═══ THE DATA ═══

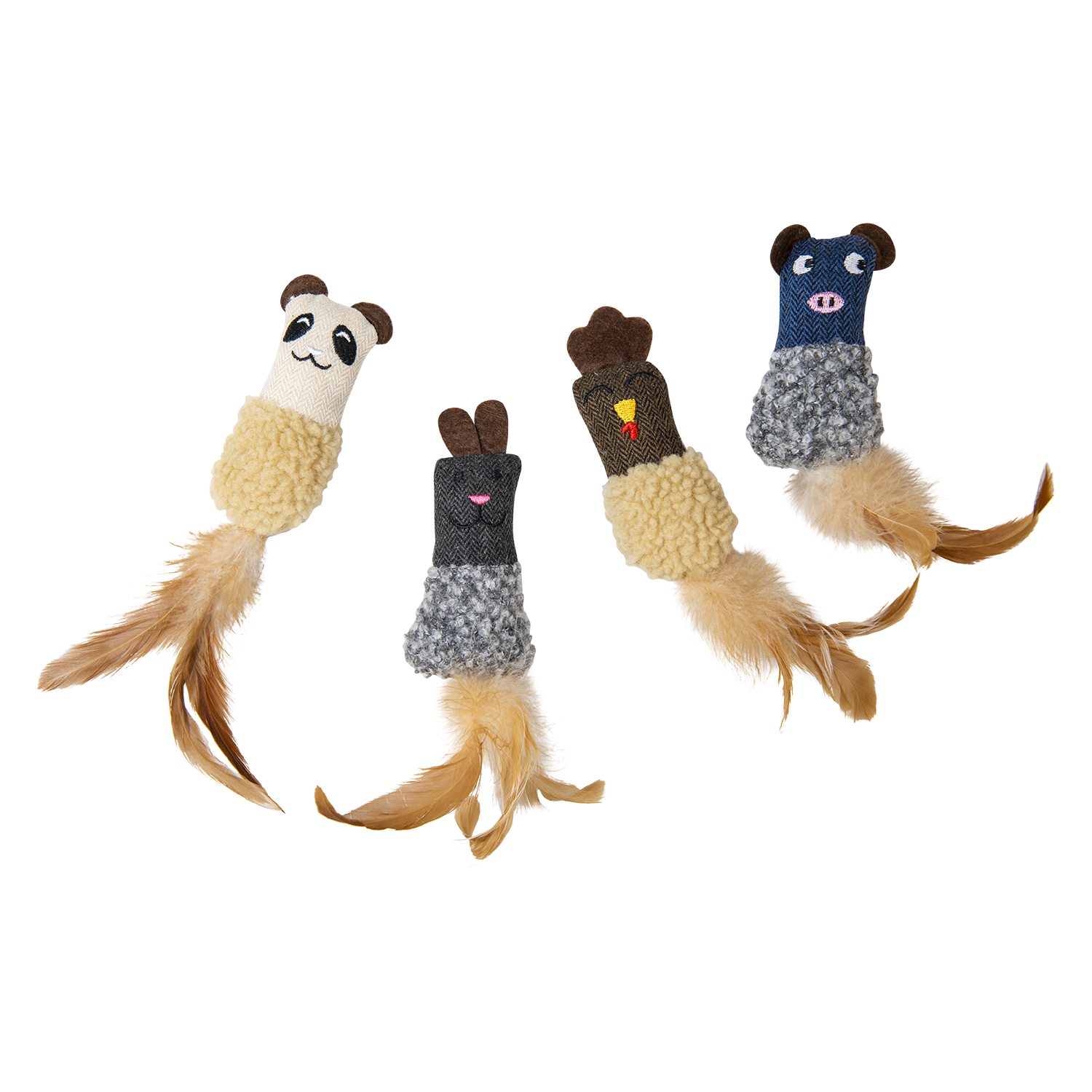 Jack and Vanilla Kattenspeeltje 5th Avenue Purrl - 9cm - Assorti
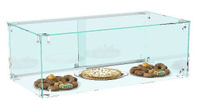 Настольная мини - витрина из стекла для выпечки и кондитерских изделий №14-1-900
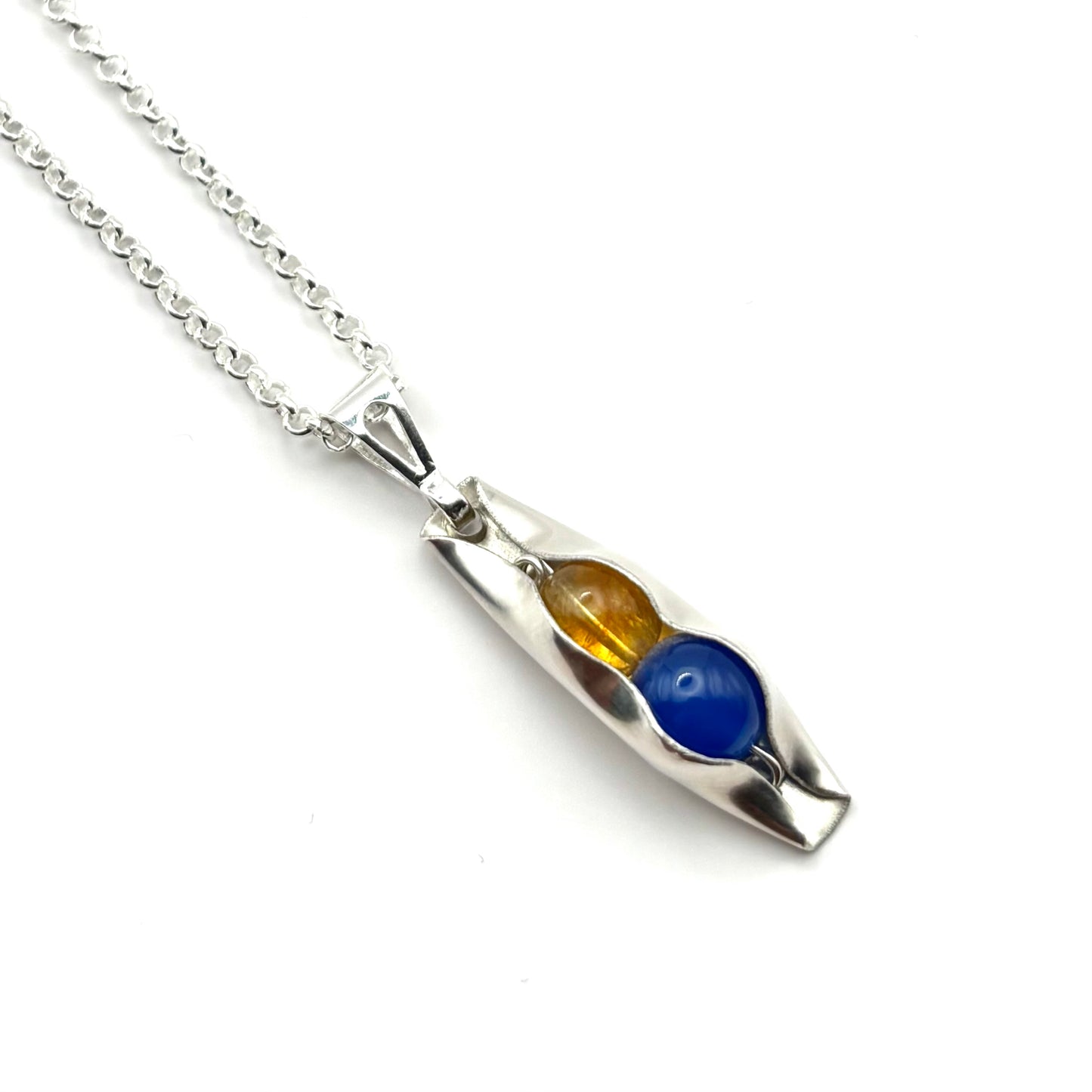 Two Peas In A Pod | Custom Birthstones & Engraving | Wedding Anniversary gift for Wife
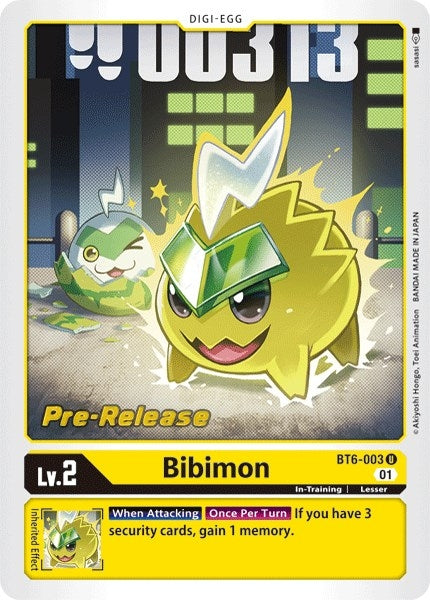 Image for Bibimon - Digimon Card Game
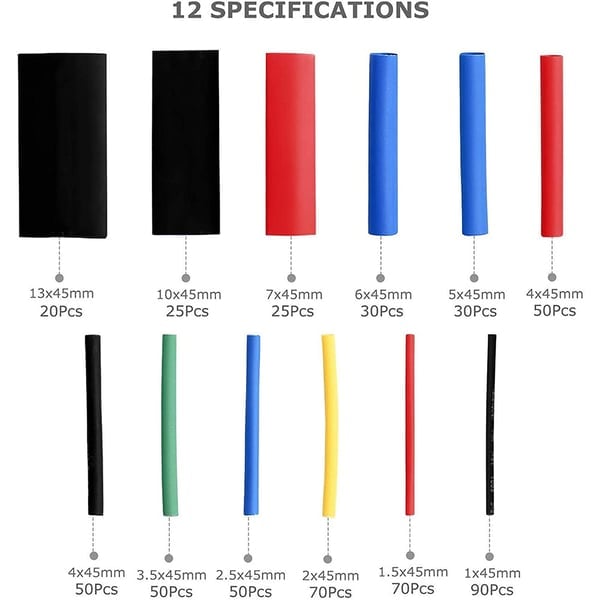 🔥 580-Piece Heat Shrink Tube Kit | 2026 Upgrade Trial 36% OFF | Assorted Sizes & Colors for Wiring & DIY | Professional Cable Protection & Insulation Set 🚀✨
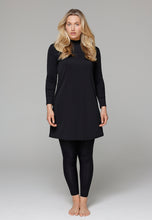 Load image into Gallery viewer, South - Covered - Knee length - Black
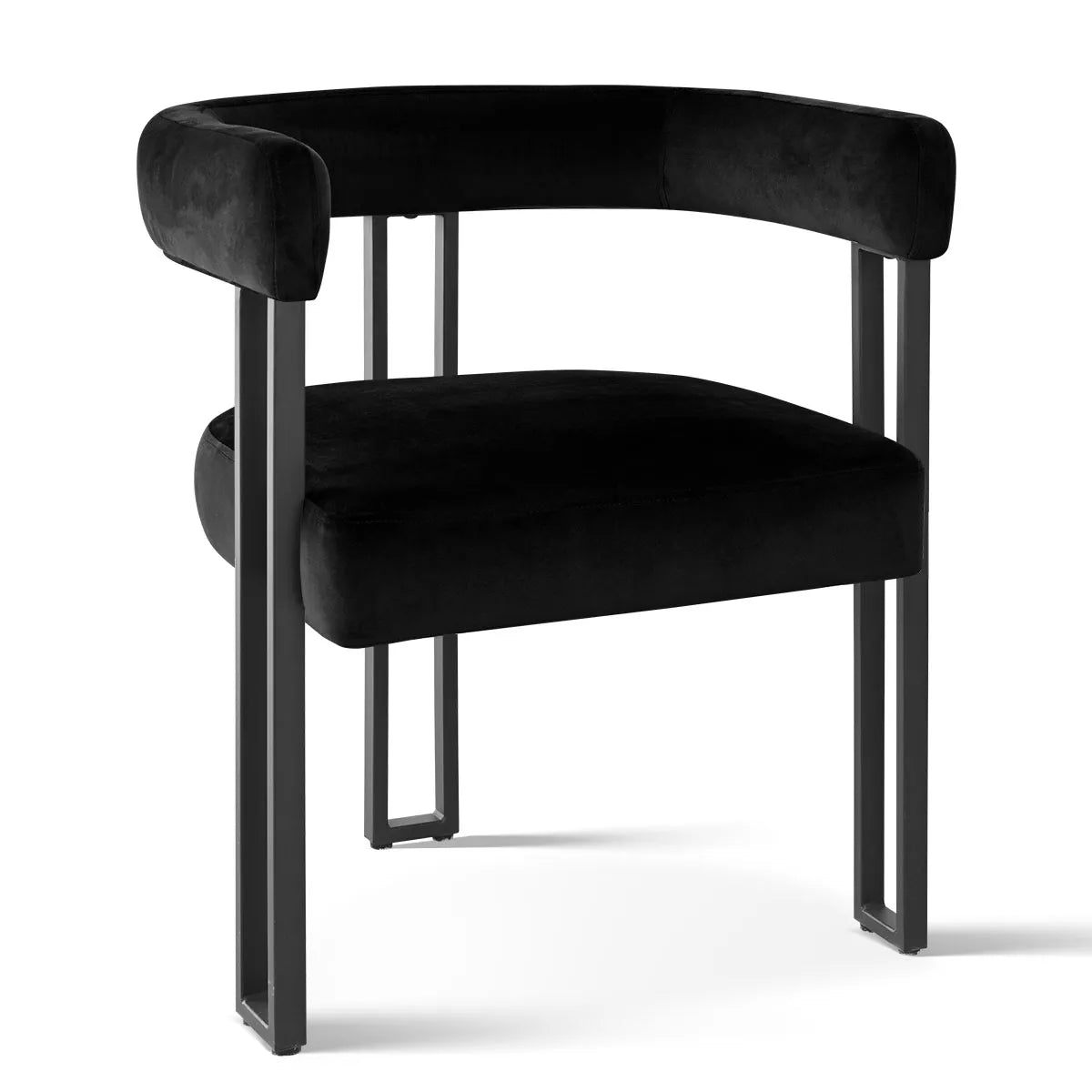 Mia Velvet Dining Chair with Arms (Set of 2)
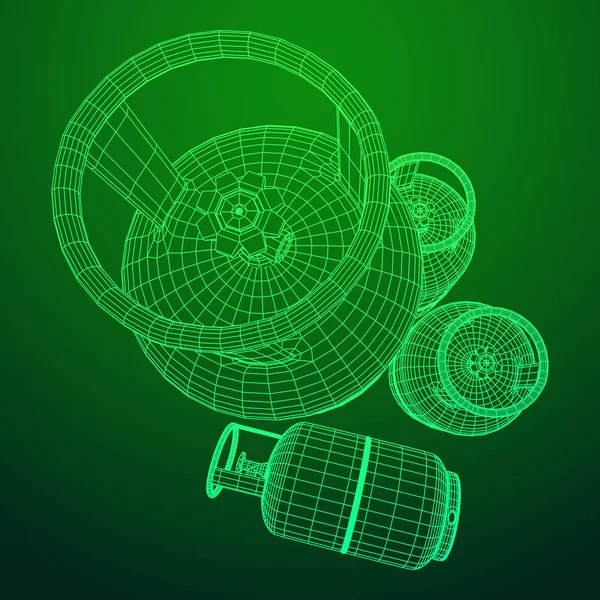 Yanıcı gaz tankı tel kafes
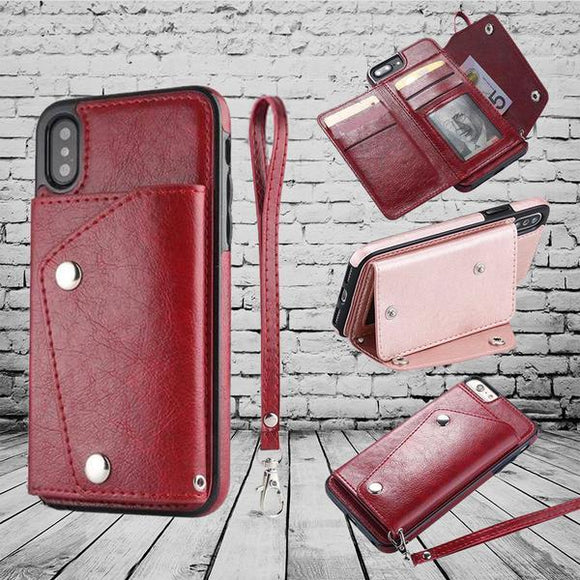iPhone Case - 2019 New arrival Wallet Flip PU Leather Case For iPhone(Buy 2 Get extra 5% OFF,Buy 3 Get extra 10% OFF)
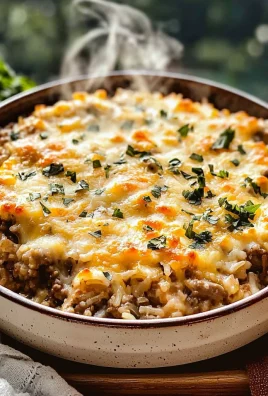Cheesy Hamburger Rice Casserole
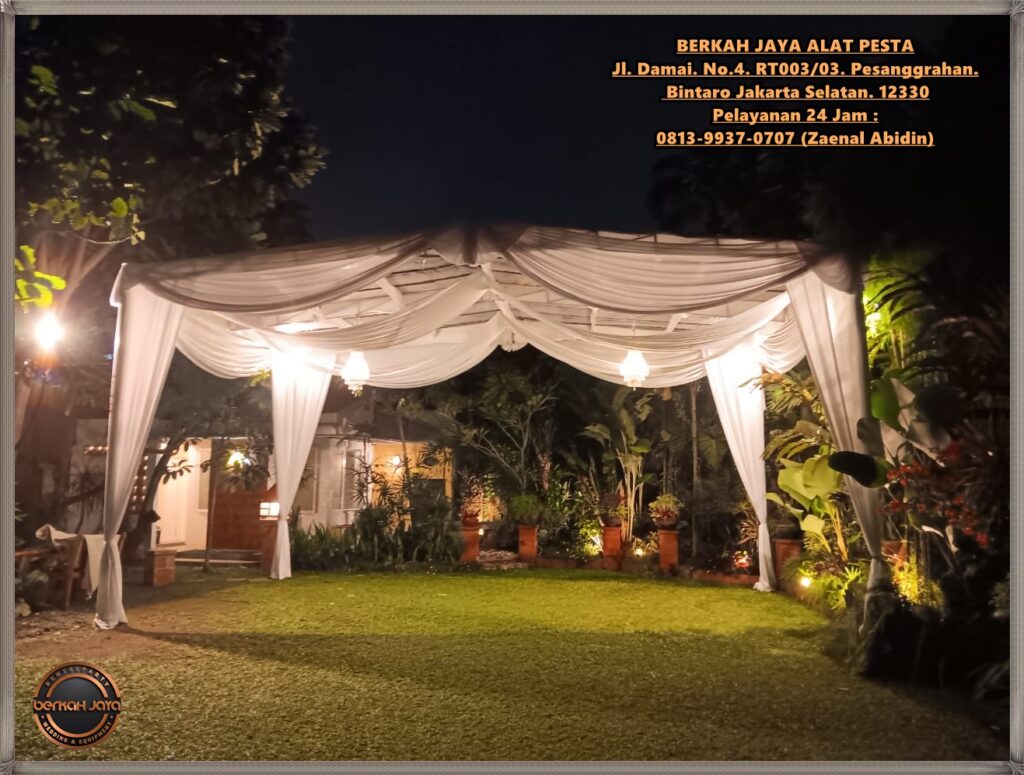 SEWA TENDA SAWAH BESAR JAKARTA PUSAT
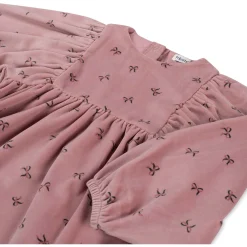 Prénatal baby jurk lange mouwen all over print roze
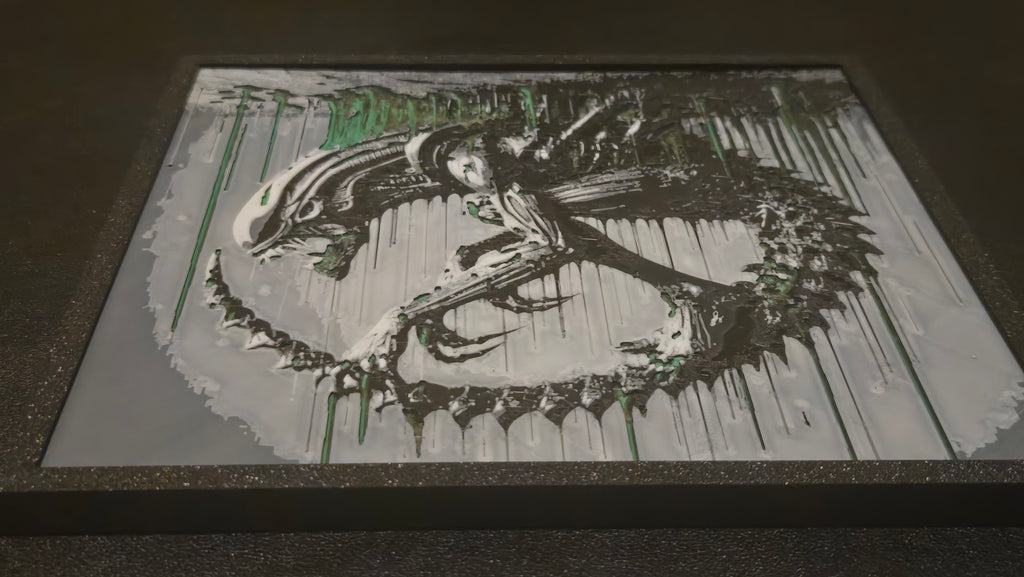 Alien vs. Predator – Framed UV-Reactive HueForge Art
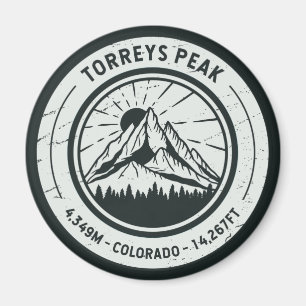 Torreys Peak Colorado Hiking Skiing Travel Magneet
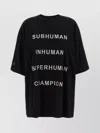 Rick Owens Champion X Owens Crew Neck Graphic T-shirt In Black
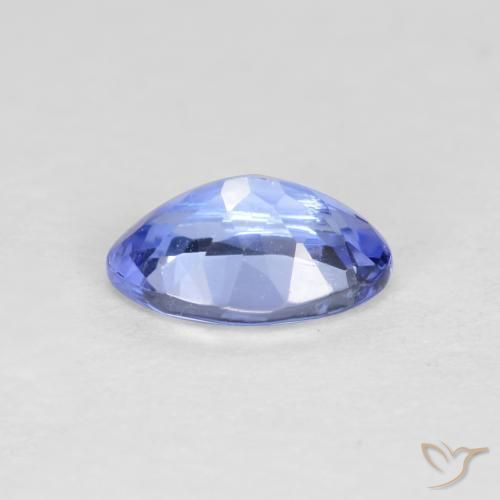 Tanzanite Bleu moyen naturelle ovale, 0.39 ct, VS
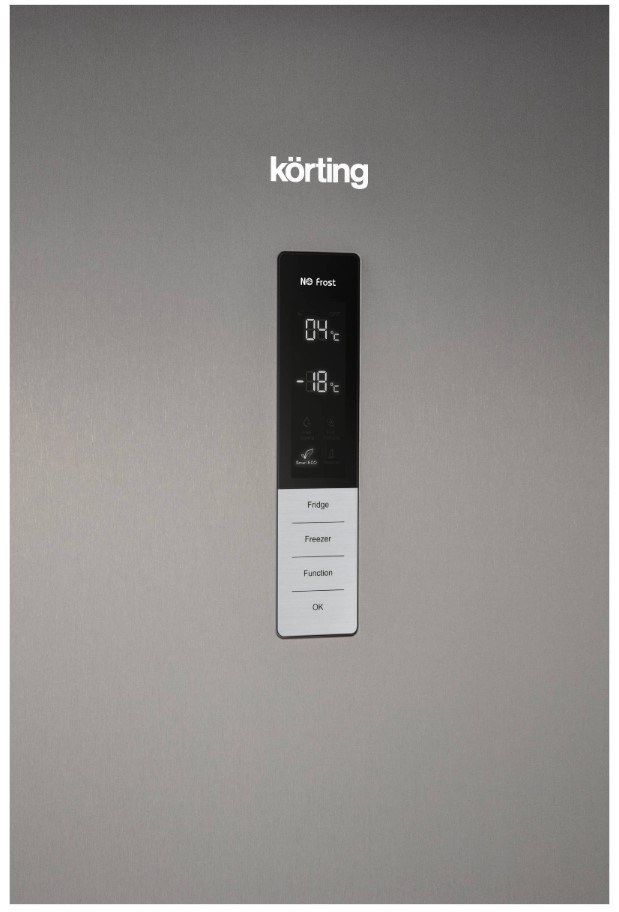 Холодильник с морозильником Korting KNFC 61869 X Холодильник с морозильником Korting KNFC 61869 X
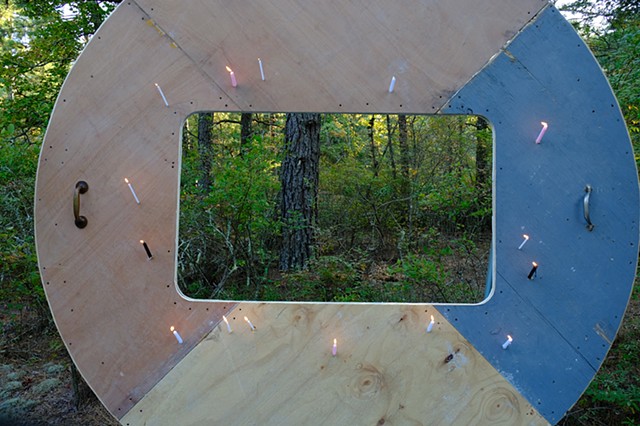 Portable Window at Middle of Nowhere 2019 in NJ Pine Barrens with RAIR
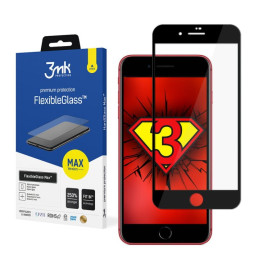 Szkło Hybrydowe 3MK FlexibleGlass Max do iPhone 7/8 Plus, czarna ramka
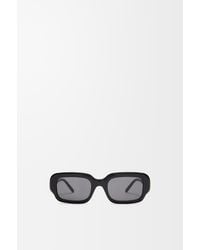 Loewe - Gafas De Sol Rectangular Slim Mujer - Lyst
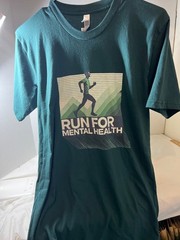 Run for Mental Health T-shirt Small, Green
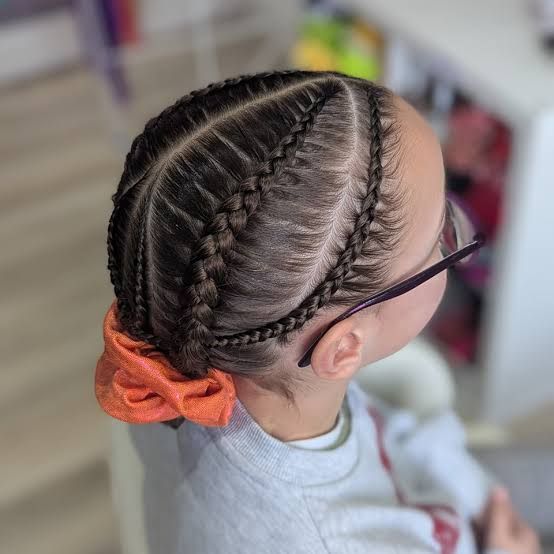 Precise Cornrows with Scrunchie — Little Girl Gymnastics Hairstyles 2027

═══

Give again exactly the lines from the one holding "Rick Owens Champion" to the final line of the records, both ends included, and nothing more. Pictures do not belong in the copy.

WORKED SOLUTION:
 Rick Owens Champion X Owens Crew Neck Graphic T-shirt In Black
 Tanzanite Bleu moyen naturelle ovale, 0.39 ct, VS
 Холодильник с морозильником Korting KNFC 61869 X Холодильник с морозильником Korting KNFC 61869 X
 Portable Window at Middle of Nowhere 2019 in NJ Pine Barrens with RAIR
 Szkło Hybrydowe 3MK FlexibleGlass Max do iPhone 7/8 Plus, czarna ramka
 Loewe - Gafas De Sol Rectangular Slim Mujer - Lyst
 Run for Mental Health T-shirt Small, Green
 Precise Cornrows with Scrunchie — Little Girl Gymnastics Hairstyles 2027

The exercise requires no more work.